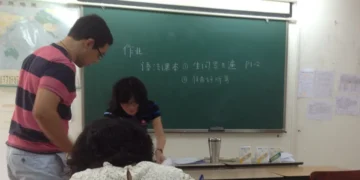 I’m an American who studied abroad at Zhejiang University in China. It was unlike anything I experienced back in the US.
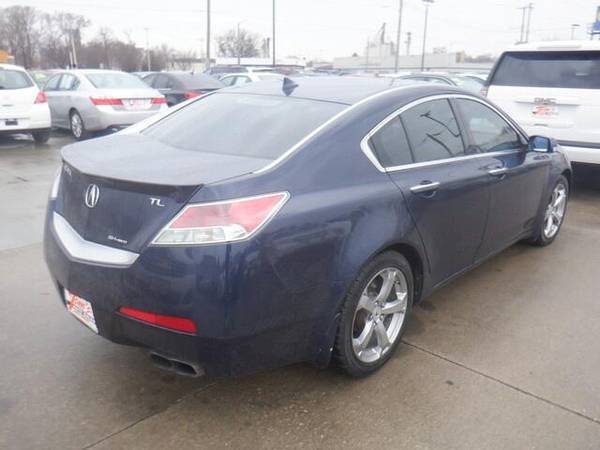 2009 Acura TL Tech - - by dealer - vehicle automotive for sale in Des Moines, IA – photo 3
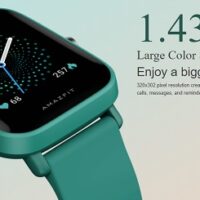 amazfit bip-u vs u pro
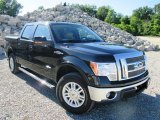 2012 Ford F150 Lariat SuperCrew 4x4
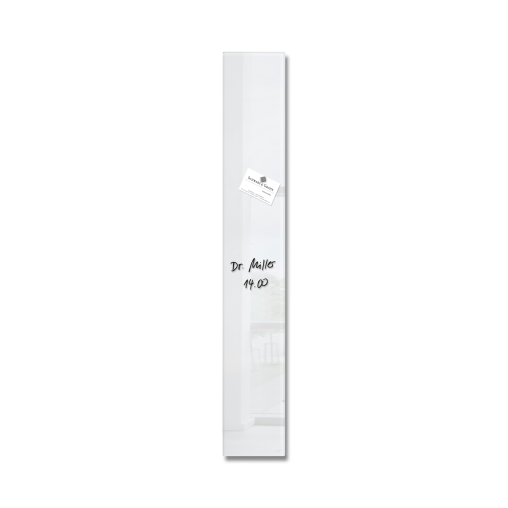 Sigel artverum® Glas-Magnetboard, 12 x 78 x 1,5 cm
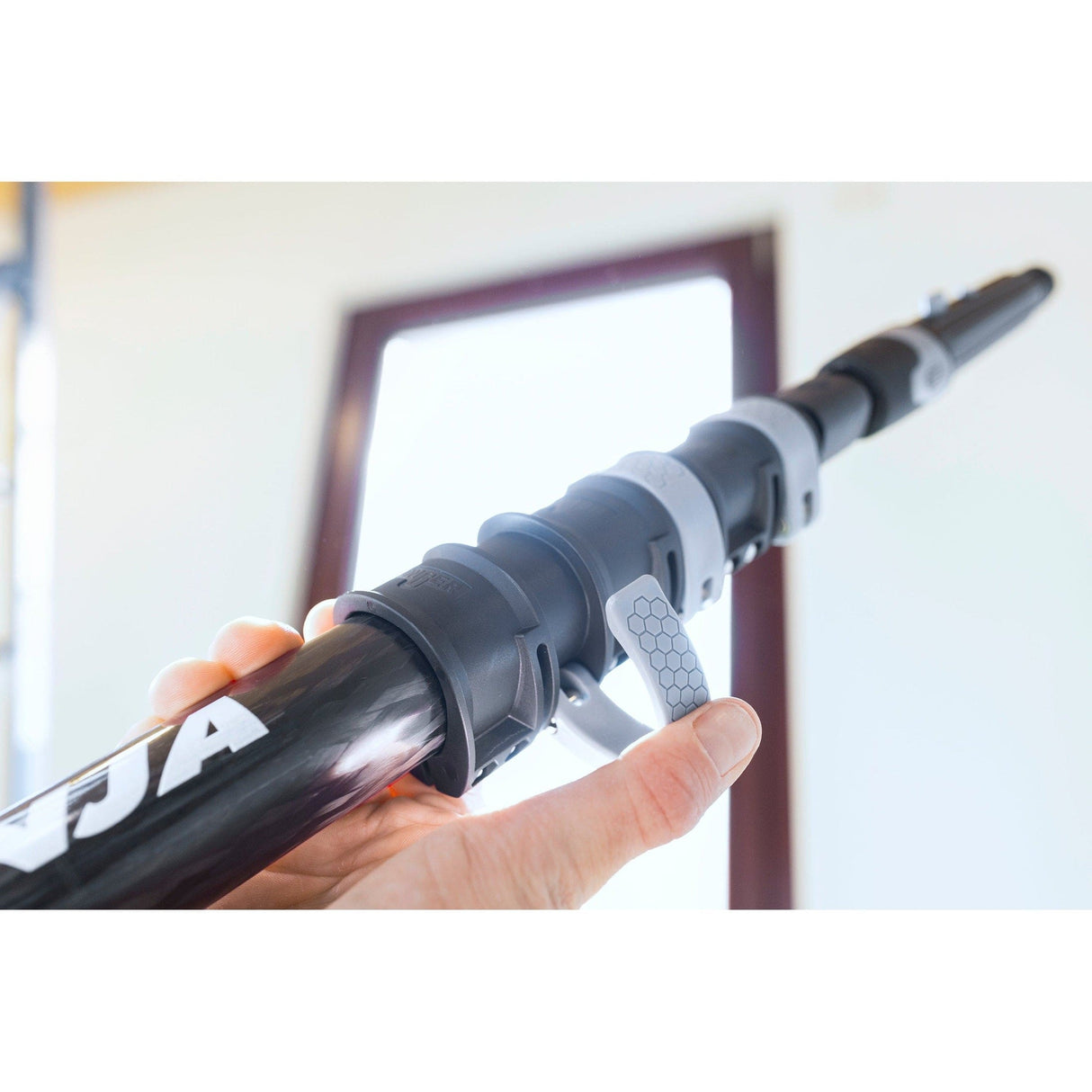 UNGER NinJa Carbon Teleskopstange Länge: 1.20 Meter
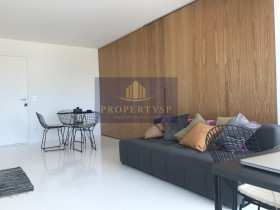 Apartamento com 1 Quarto à Venda, 42 m² em Sumarezinho - São Paulo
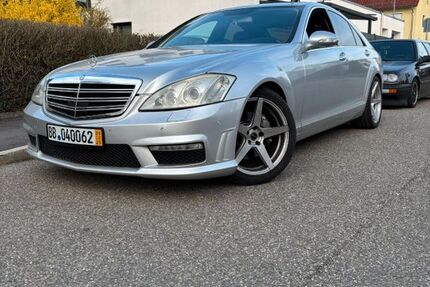 Mercedes S 350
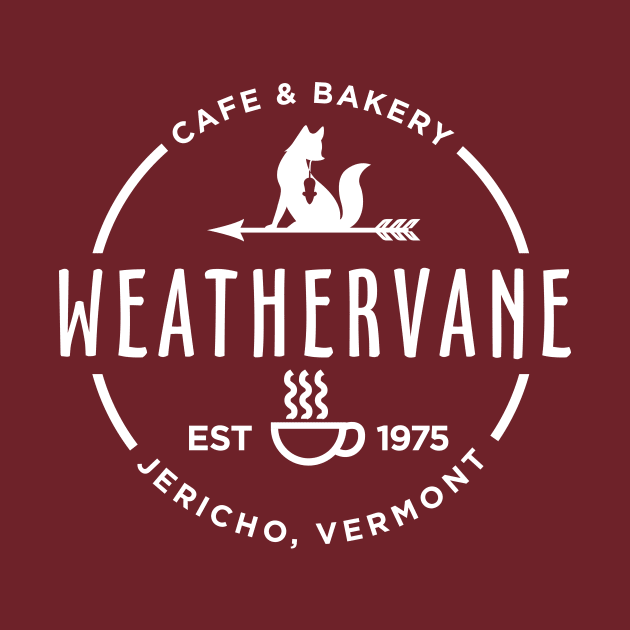 Weathervane Cafe and Bakery by MindsparkCreative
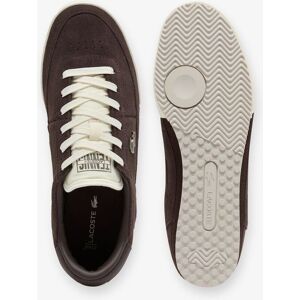 Lacoste - Zapatillas de hombre Aura. Marrón oscuro 45 Lacoste - Zapatillas de hombre Aura. Marrón oscuro 45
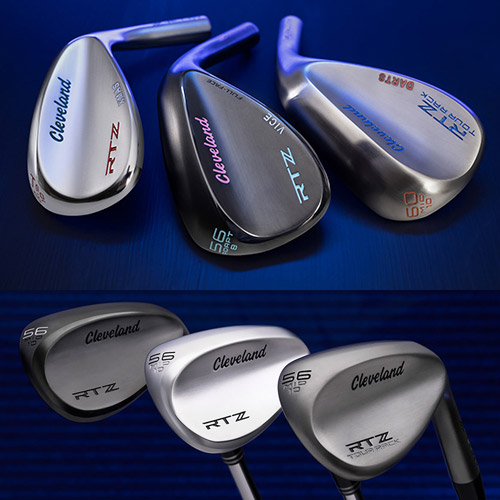 Cleveland RTZ Tour Satin Custom Wedge (カスタムウェッジ) - ゴルフ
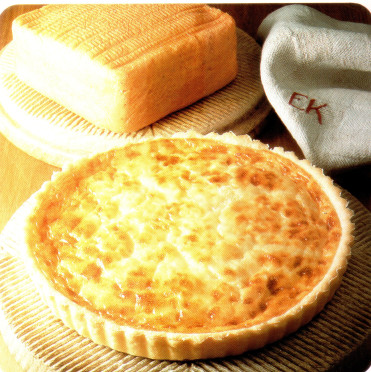 Goyère au maroilles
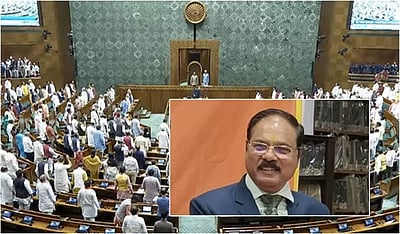 உயர்நீதிமன்ற நீதிபதி மீது பதவி நீக்கத் தீர்மானம்!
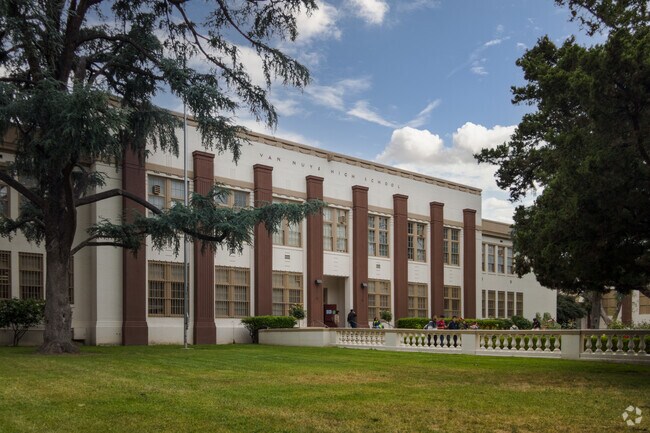 Van Nuys Senior High is a 
Public High School in 
Van Nuys,  CA.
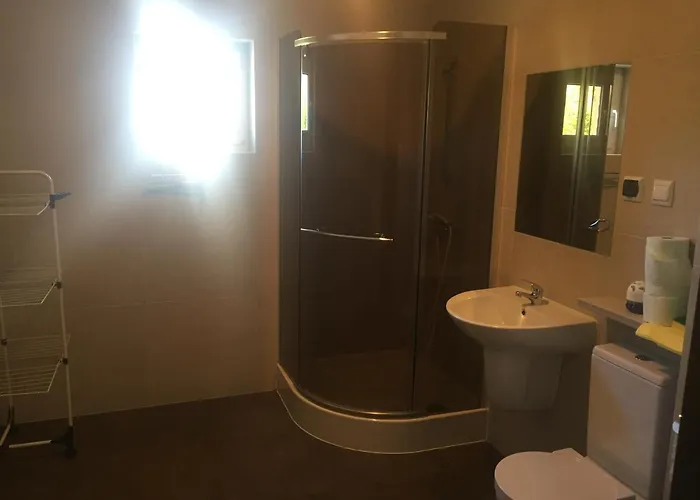 Bed and Breakfast Anker-podczele Kołobrzeg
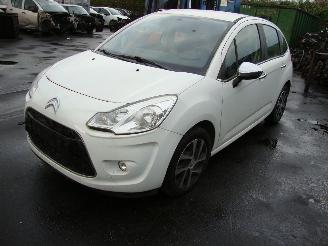 Uttjänta bilar auto Citroën C3  2014/1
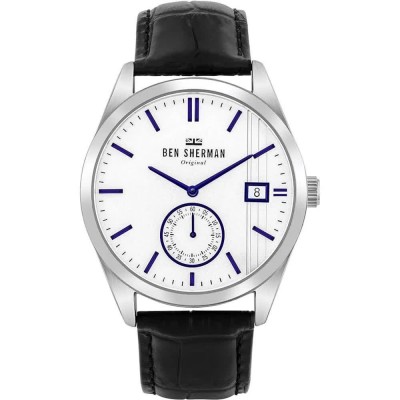 часовник,часовници,ben,sherman,wb039ub,watch,silver
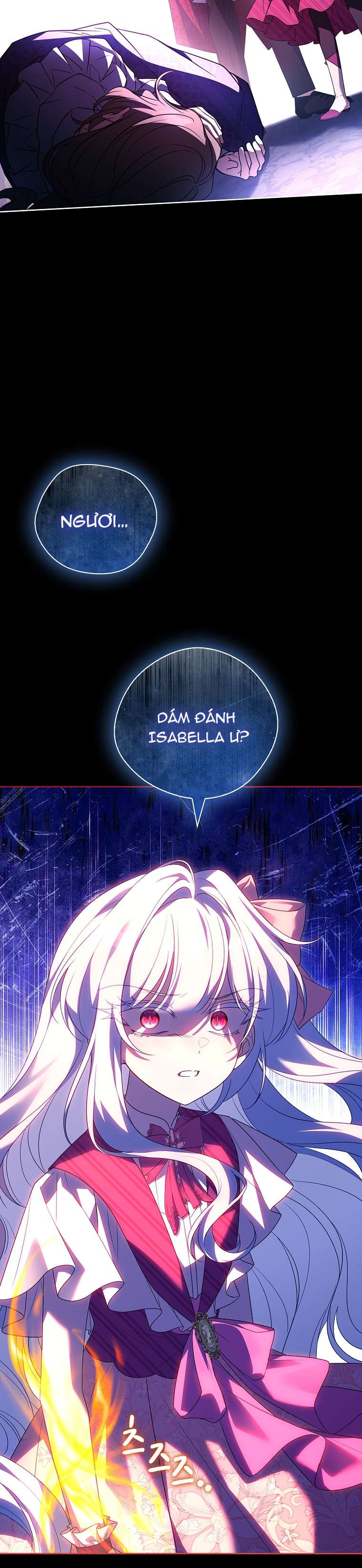 Cha nào con nấy – Chap 20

What the task requires => Only the lines from the one containing "Public High School in" through the last line of the data belong in the copy, both included and reproduced exactly. Pictures do not.

Solution for this problem =>
Public High School in 
Van Nuys,  CA.
 Bed and Breakfast Anker-podczele Kołobrzeg
 Uttjänta bilar auto Citroën C3  2014/1
 часовник,часовници,ben,sherman,wb039ub,watch,silver
 Cha nào con nấy – Chap 20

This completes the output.